• [What to work on]
Down to the last line, reproduce the data that follows, but skip the pictures.

• [Given records]
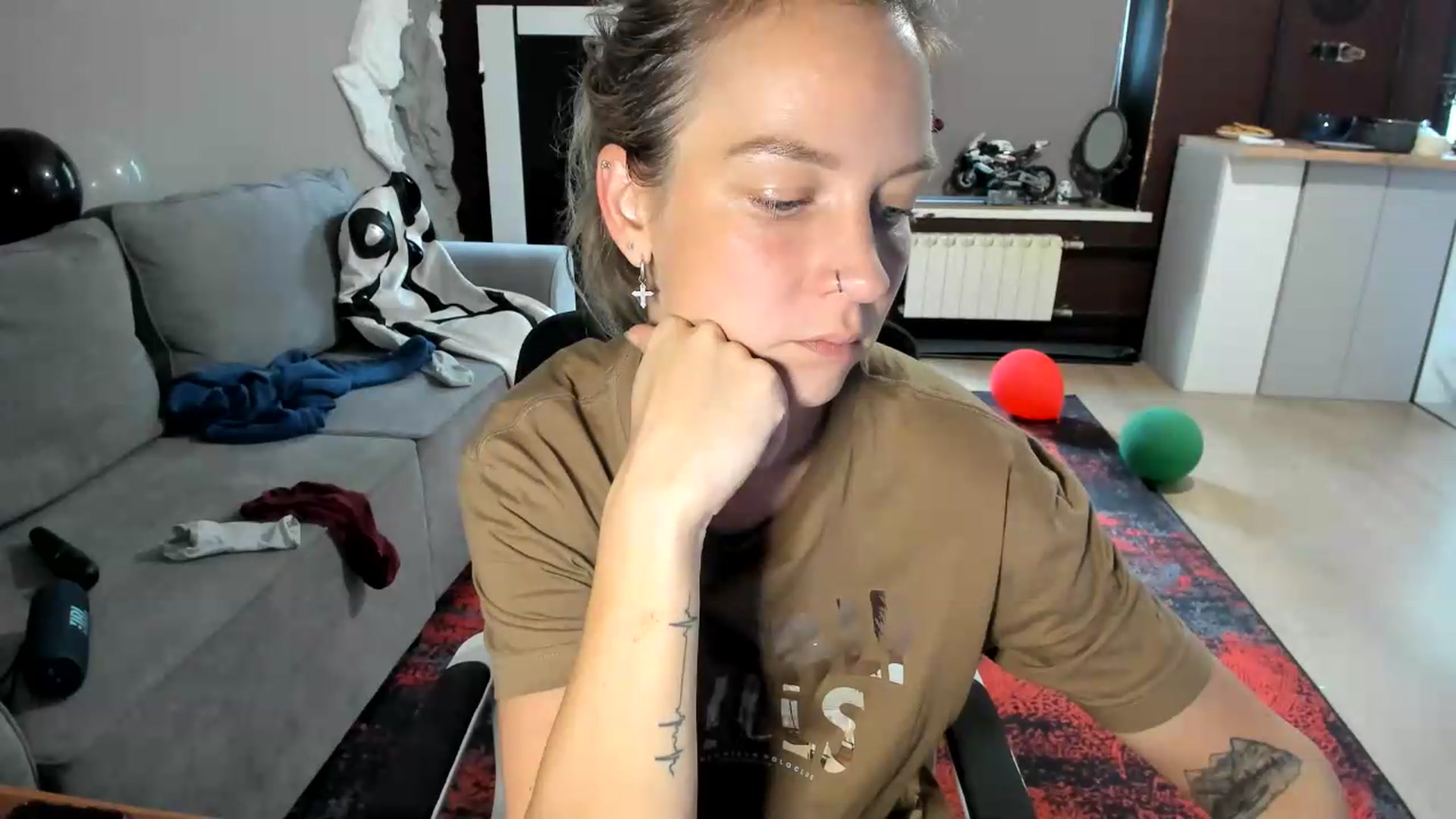 Gallery image thumbnail from Qi_ra's myfreecams stream on, 08/25/2026, 12:32 image 18 of 20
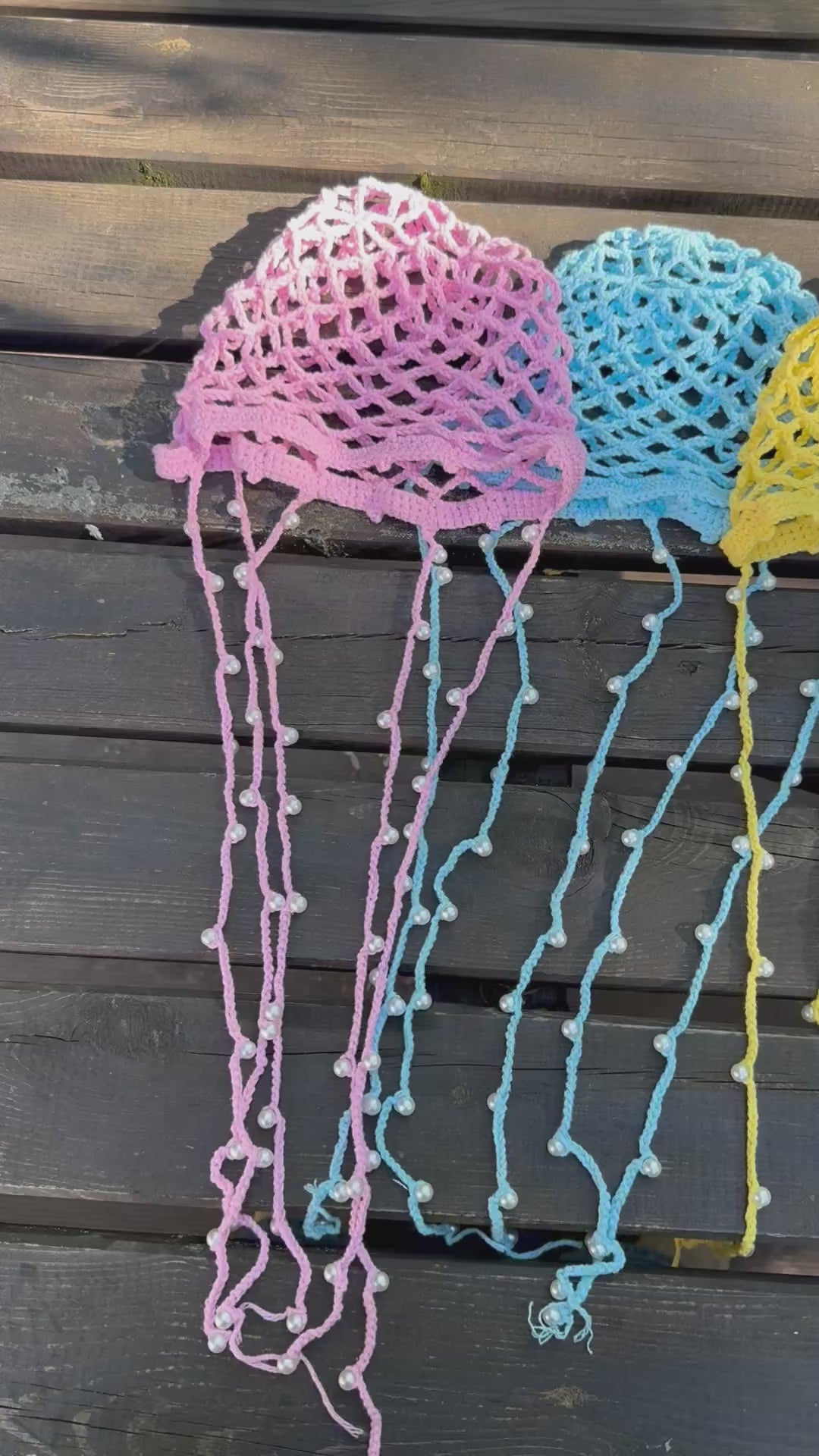 Crochet mesh hat with pearls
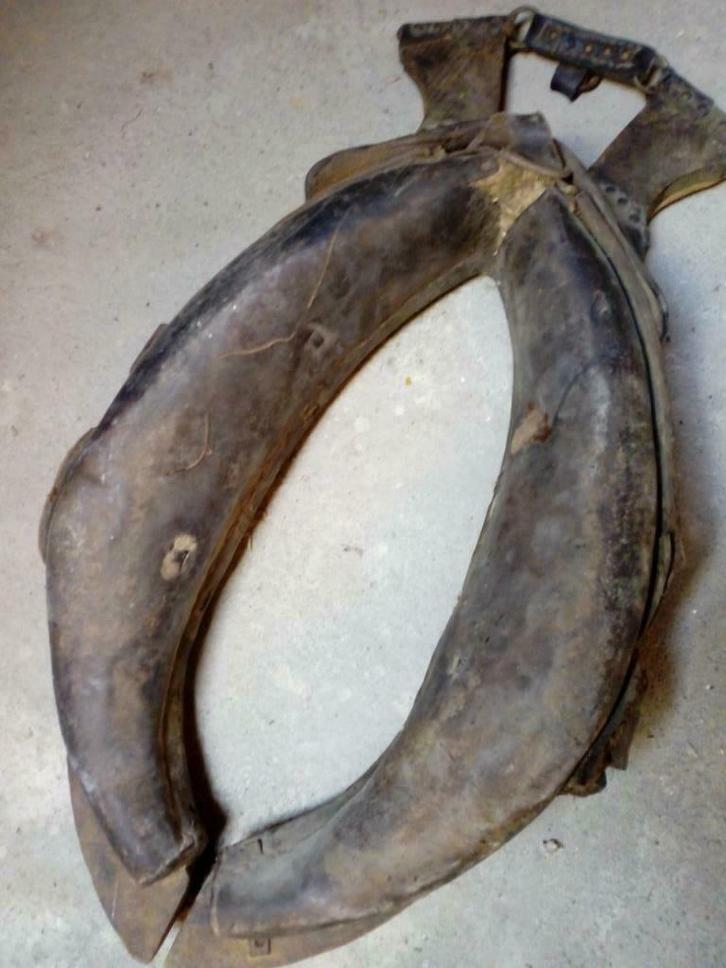 Oude paardenketting (goriot), Dieren en Toebehoren, Overige Dieren-accessoires, Gebruikt, Ophalen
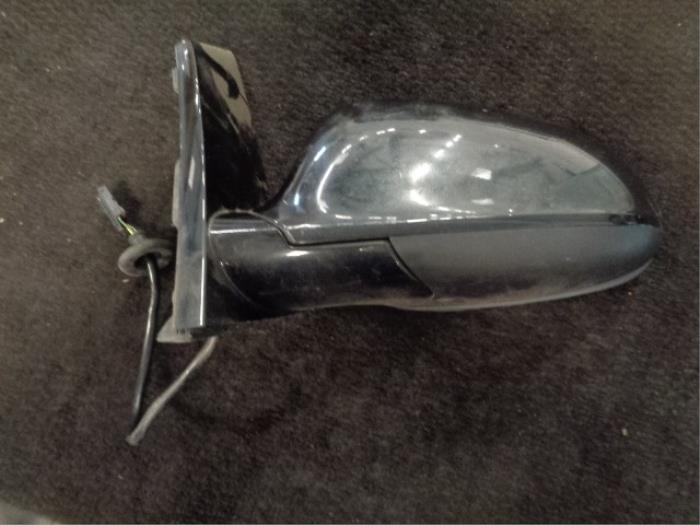 Wing mirror, left from a Opel Astra J GTC (PD2/PF2) 2.0 CDTI 16V ecoFLEX 2011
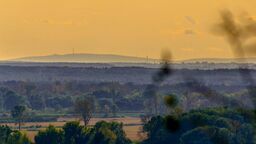 Na zdjęciu widać zarys dachu klasztoru Oblatów oraz mierzący ponad 150 metrów wysokości RTCN "Święty Krzyż" na Łysej Górze. Fotografię wykonano z odległości ponad 75 km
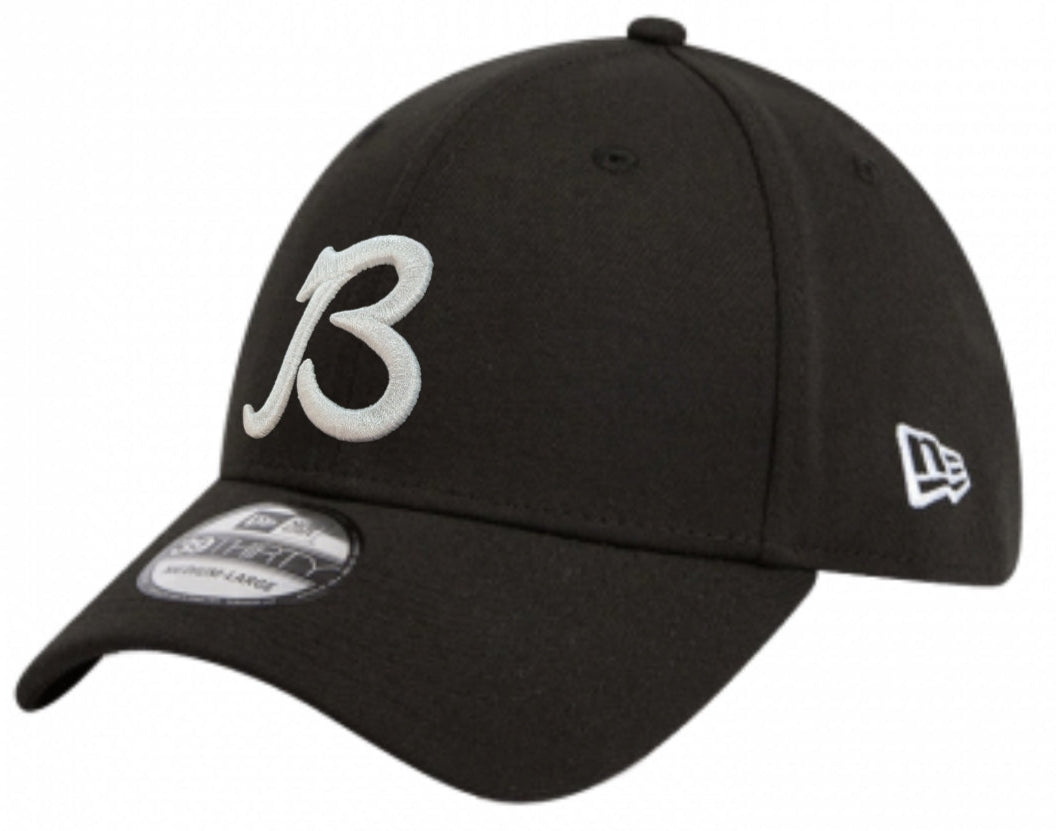 Chicago Bears New Era "B" Black/White 39THIRTY Flex Hat for Men product image 1, provided for visual reference and product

• [Your solution]
 Gallery image thumbnail from Qi_ra's myfreecams stream on, 08/25/2026, 12:32 image 18 of 20
 Crochet mesh hat with pearls
 Oude paardenketting (goriot), Dieren en Toebehoren, Overige Dieren-accessoires, Gebruikt, Ophalen
 Wing mirror, left from a Opel Astra J GTC (PD2/PF2) 2.0 CDTI 16V ecoFLEX 2011
 Na zdjęciu widać zarys dachu klasztoru Oblatów oraz mierzący ponad 150 metrów wysokości RTCN "Święty Krzyż" na Łysej Górze. Fotografię wykonano z odległości ponad 75 km
 Chicago Bears New Era "B" Black/White 39THIRTY Flex Hat for Men product image 1, provided for visual reference and product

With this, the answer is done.